Perbandingan Metode Support Vector Machine dengan Decision Tree untuk Analisis Sentimen pada Ulasan Google Play Aplikasi Carousell
Comparison of Support Vector Machine Methods with Decision Tree for Sentiment Analysis on Carousell Application Google Play Reviews
Di era digital saat ini, smartphone telah menjadi alat esensial dalam kehidupan sehari-hari, memungkinkan akses internet yang tidak terbatas. Kemajuan ini memfasilitasi pertumbuhan eksponensial dalam e-commerce dan online marketplace. Carousell menjadi salah satu platform paling populer di Indonesia. Berdiri sejak Mei 2012, Carousell telah menjadi sarana jual beli berbagai produk, dari barang baru hingga bekas, dan telah diunduh oleh lebih dari 10 juta pengguna dengan rating 4,7 dari 337 ribu ulasan di Google Play Store hingga Oktober 2023. Dari hal tersebut dilakukan analisis sentiment dengan menggunakan perbandingan 2 metode yaitu Support Vector Machine dan Decision Tree. Kedua metode tersebut dipilih karena keunggulannya dalam menangani tugas klasifikasi dalam bidang data mining. Analisis sentimen yang dilakukan bertujuan untuk mengklasifikasikan ulasan menjadi dua kategori yaitu positif dan negatif. Data yang digunakan dalam penelitian ini diperoleh melalui teknik scraping dari ulasan aplikasi Carousell di Google Play Store, dengan total data sebanyak 10.000 ulasan. Data tersebut kemudian diproses dan dilabeli sebelum diaplikasikan ke dalam model machine learning. Proses labelling data dilakukan berdasarkan score ulasan yaitu untuk score 4 dan 5 termasuk dalam kategori positif, sedangkan untuk score 1, 2 dan 3 termasuk dalam kategori negatif. Penelitian ini juga menerapkan metode fitur seleksi information gain. Kemudian untuk metode pembagian data digunakan 2 metode berbeda yaknik split data dan k-fold cross validation. Hasil penelitian menunjukkan bahwa metode Support Vector Machine memiliki performa yang lebih baik dibandingkan dengan Decision Tree¸ penggunaan metode pembagian data split data lebih efektif dibandingkan dengan k-fold cross validation. Sedangkan untuk penerapan kombinasi fitur seleksi information gain dengan metode Support Vector Machine tidak memiliki pengaruh dalam meningkatkan akurasi. Namun untuk penerapan kombinasi fitur seleksi information gain dengan metode Decision Tree memiliki pengaruh dalam meningkatkan akurasi. Metode Support Vector Machine tanpa kombinasi fitur seleksi information gain menggunakan split data memiliki performa yang lebih baik dibandingkan dengan Decision Tree yaitu dengan hasil akurasi 93,1%, presisi 93,42%, recall 93,1% dan f1-score 93,22%. Penerapan kombinasi fitur seleksi information gain dengan metode Decision Tree memiliki akurasi sebesar 91%, presisi 92,39%, recall 91% dan f1-score 91,49%.

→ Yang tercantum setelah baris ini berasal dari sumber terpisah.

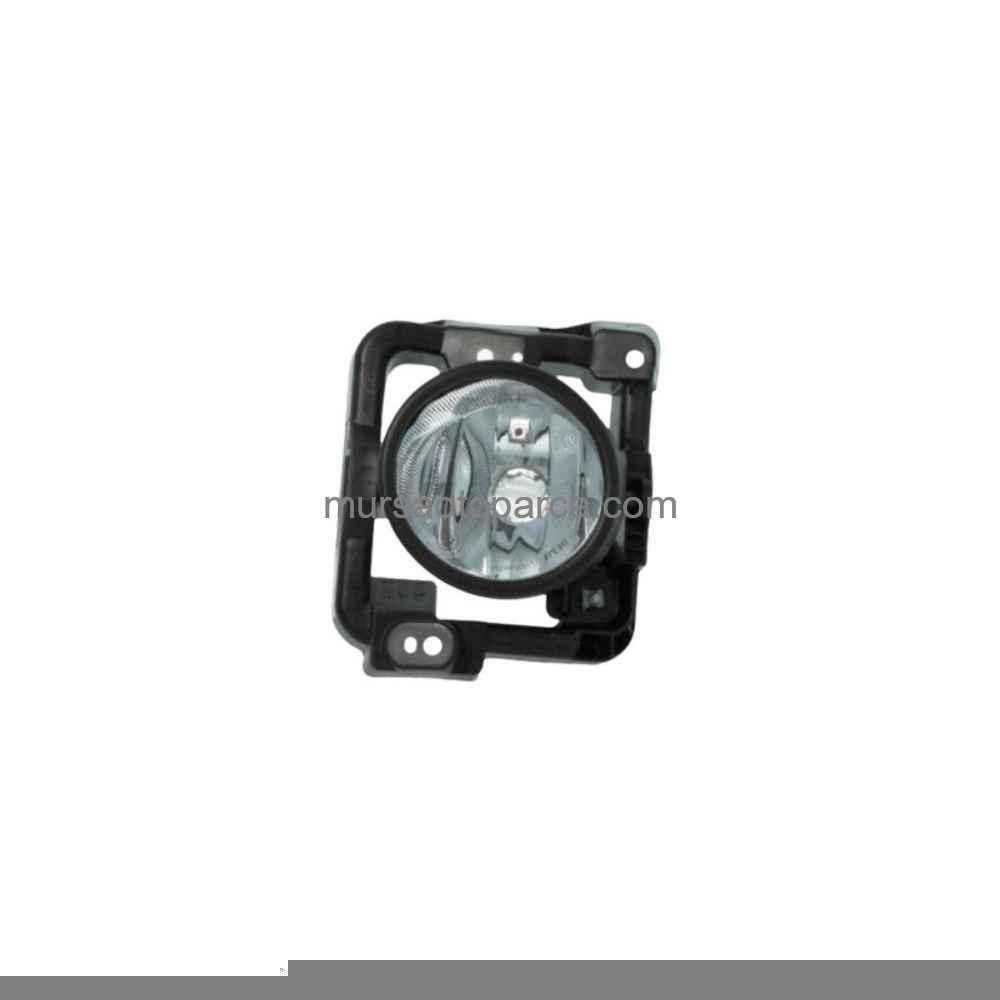 Honda Accord 2008-2011 Sol Sis Far 33950-Tl0-G01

Kata Kunci – Analisis sentimen, Support Vector Machine, Decision Tree, Information gain, split data, k-fold cross validation.
In today's digital era, smartphones have become an essential tool in everyday life, enabling unlimited internet access. These advances facilitate exponential growth in e-commerce and online marketplaces. Carousell is one of the most popular platforms in Indonesia. Founded in May 2012, Carousell has become a means of buying and selling various products, from new to used goods, and has been downloaded by more than 10 million users with a rating of 4.7 from 337 thousand reviews on the Google Play Store until October 2023. This has been done sentiment analysis using a comparison of 2 methods, namely Support Vector Machine and Decision Tree. These two methods were chosen because of their superiority in handling classification tasks in the field of data mining. The sentiment analysis carried out aims to classify reviews into two categories, namely positive and negative. The data used in this research was obtained through scraping techniques from reviews of the Carousell application on the Google Play Store, with a total of 10,000 reviews. The data is then processed and labeled before being applied to the machine learning model. The data labeling process is carried out based on the review scores, namely scores 4 and 5 are included in the positive category, while scores 1, 2 and 3 are included in the negative category. This research also applies the information gain feature selection method. Then, for the data sharing method, 2 different methods are used, namely split data and k-fold cross validation. The results of the research show that the Support Vector Machine method has better performance compared to Decision Tree¸ using the split data division method is more effective than k-fold cross validation. Meanwhile, applying the combination of the information gain selection feature with the Support Vector Machine method has no effect on increasing accuracy. However, the application of a combination of the information gain selection feature with the Decision Tree method has an influence in increasing accuracy. The Support Vector Machine method without a combination of information gain selection features using split data has better performance compared to Decision Tree, with results of 93.1% accuracy, 93.42% precision, 93.1% recall and 93.22% f1-score. . The application of a combination of information gain selection features with the Decision Tree method has an accuracy of 91%, precision of 92.39%, recall of 91% and f1-score of 91.49%.
Keywords – Sentiment analysis, Support Vector Machine, Decision Tree, Information gain, split data, k-fold cross validation.